**Action item:** Exactly as written, return every line of the data below.

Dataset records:
Segment Open
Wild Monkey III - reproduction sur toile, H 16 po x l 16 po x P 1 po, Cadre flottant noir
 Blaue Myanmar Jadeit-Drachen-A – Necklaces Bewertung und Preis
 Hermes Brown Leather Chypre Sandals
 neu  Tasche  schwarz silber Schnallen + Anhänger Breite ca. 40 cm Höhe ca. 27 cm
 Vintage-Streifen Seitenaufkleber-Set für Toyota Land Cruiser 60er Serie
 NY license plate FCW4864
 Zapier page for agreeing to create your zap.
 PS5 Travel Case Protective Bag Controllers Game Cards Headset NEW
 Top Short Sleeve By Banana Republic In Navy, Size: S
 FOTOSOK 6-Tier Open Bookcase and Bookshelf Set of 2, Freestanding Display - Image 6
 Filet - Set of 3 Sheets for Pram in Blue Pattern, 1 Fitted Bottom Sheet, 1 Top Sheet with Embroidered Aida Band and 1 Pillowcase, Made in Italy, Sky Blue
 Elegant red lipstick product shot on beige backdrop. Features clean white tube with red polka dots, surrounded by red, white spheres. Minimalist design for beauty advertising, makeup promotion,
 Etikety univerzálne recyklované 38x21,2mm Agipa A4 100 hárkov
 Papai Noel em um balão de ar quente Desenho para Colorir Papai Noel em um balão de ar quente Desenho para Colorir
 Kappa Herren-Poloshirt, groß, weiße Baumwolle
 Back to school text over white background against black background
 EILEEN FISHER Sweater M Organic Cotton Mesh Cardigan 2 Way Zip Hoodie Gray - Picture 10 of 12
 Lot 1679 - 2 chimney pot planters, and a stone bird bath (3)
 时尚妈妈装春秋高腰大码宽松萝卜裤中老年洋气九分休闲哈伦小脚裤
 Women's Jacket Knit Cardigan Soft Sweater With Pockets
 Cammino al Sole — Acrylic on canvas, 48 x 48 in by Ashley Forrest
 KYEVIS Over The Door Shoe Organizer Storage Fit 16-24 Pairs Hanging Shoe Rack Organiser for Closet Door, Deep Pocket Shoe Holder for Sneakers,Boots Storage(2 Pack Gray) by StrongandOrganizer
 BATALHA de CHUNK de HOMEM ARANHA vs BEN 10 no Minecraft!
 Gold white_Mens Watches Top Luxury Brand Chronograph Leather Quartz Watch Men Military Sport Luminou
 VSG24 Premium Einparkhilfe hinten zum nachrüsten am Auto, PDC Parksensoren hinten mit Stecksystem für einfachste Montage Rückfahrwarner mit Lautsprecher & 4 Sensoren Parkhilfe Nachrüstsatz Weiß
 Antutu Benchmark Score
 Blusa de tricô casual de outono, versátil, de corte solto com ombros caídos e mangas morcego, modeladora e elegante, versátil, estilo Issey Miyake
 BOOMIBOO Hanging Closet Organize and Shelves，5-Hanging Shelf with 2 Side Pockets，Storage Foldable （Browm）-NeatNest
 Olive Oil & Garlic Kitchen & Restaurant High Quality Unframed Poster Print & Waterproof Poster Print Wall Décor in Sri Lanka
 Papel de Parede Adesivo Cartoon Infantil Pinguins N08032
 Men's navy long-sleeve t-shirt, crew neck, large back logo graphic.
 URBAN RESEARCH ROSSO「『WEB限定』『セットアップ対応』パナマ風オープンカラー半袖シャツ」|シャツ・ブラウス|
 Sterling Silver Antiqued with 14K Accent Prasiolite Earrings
Segment Closed
**Response to this task:**
Wild Monkey III - reproduction sur toile, H 16 po x l 16 po x P 1 po, Cadre flottant noir
 Blaue Myanmar Jadeit-Drachen-A – Necklaces Bewertung und Preis
 Hermes Brown Leather Chypre Sandals
 neu  Tasche  schwarz silber Schnallen + Anhänger Breite ca. 40 cm Höhe ca. 27 cm
 Vintage-Streifen Seitenaufkleber-Set für Toyota Land Cruiser 60er Serie
 NY license plate FCW4864
 Zapier page for agreeing to create your zap.
 PS5 Travel Case Protective Bag Controllers Game Cards Headset NEW
 Top Short Sleeve By Banana Republic In Navy, Size: S
 FOTOSOK 6-Tier Open Bookcase and Bookshelf Set of 2, Freestanding Display - Image 6
 Filet - Set of 3 Sheets for Pram in Blue Pattern, 1 Fitted Bottom Sheet, 1 Top Sheet with Embroidered Aida Band and 1 Pillowcase, Made in Italy, Sky Blue
 Elegant red lipstick product shot on beige backdrop. Features clean white tube with red polka dots, surrounded by red, white spheres. Minimalist design for beauty advertising, makeup promotion,
 Etikety univerzálne recyklované 38x21,2mm Agipa A4 100 hárkov
 Papai Noel em um balão de ar quente Desenho para Colorir Papai Noel em um balão de ar quente Desenho para Colorir
 Kappa Herren-Poloshirt, groß, weiße Baumwolle
 Back to school text over white background against black background
 EILEEN FISHER Sweater M Organic Cotton Mesh Cardigan 2 Way Zip Hoodie Gray - Picture 10 of 12
 Lot 1679 - 2 chimney pot planters, and a stone bird bath (3)
 时尚妈妈装春秋高腰大码宽松萝卜裤中老年洋气九分休闲哈伦小脚裤
 Women's Jacket Knit Cardigan Soft Sweater With Pockets
 Cammino al Sole — Acrylic on canvas, 48 x 48 in by Ashley Forrest
 KYEVIS Over The Door Shoe Organizer Storage Fit 16-24 Pairs Hanging Shoe Rack Organiser for Closet Door, Deep Pocket Shoe Holder for Sneakers,Boots Storage(2 Pack Gray) by StrongandOrganizer
 BATALHA de CHUNK de HOMEM ARANHA vs BEN 10 no Minecraft!
 Gold white_Mens Watches Top Luxury Brand Chronograph Leather Quartz Watch Men Military Sport Luminou
 VSG24 Premium Einparkhilfe hinten zum nachrüsten am Auto, PDC Parksensoren hinten mit Stecksystem für einfachste Montage Rückfahrwarner mit Lautsprecher & 4 Sensoren Parkhilfe Nachrüstsatz Weiß
 Antutu Benchmark Score
 Blusa de tricô casual de outono, versátil, de corte solto com ombros caídos e mangas morcego, modeladora e elegante, versátil, estilo Issey Miyake
 BOOMIBOO Hanging Closet Organize and Shelves，5-Hanging Shelf with 2 Side Pockets，Storage Foldable （Browm）-NeatNest
 Olive Oil & Garlic Kitchen & Restaurant High Quality Unframed Poster Print & Waterproof Poster Print Wall Décor in Sri Lanka
 Papel de Parede Adesivo Cartoon Infantil Pinguins N08032
 Men's navy long-sleeve t-shirt, crew neck, large back logo graphic.
 URBAN RESEARCH ROSSO「『WEB限定』『セットアップ対応』パナマ風オープンカラー半袖シャツ」|シャツ・ブラウス|
 Sterling Silver Antiqued with 14K Accent Prasiolite Earrings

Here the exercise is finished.